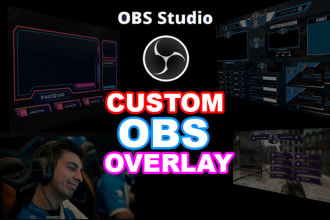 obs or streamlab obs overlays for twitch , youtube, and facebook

==

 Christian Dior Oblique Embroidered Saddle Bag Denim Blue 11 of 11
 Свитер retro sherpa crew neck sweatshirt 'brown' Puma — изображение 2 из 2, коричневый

### WHAT THE TASK ASKS:
Within the material above, the line with "Christian Dior Oblique" opens the range and the line with "Свитер retro sherpa" closes it; reproduce that range word for word.

### REPLY:
 Christian Dior Oblique Embroidered Saddle Bag Denim Blue 11 of 11
 Свитер retro sherpa crew neck sweatshirt 'brown' Puma — изображение 2 из 2, коричневый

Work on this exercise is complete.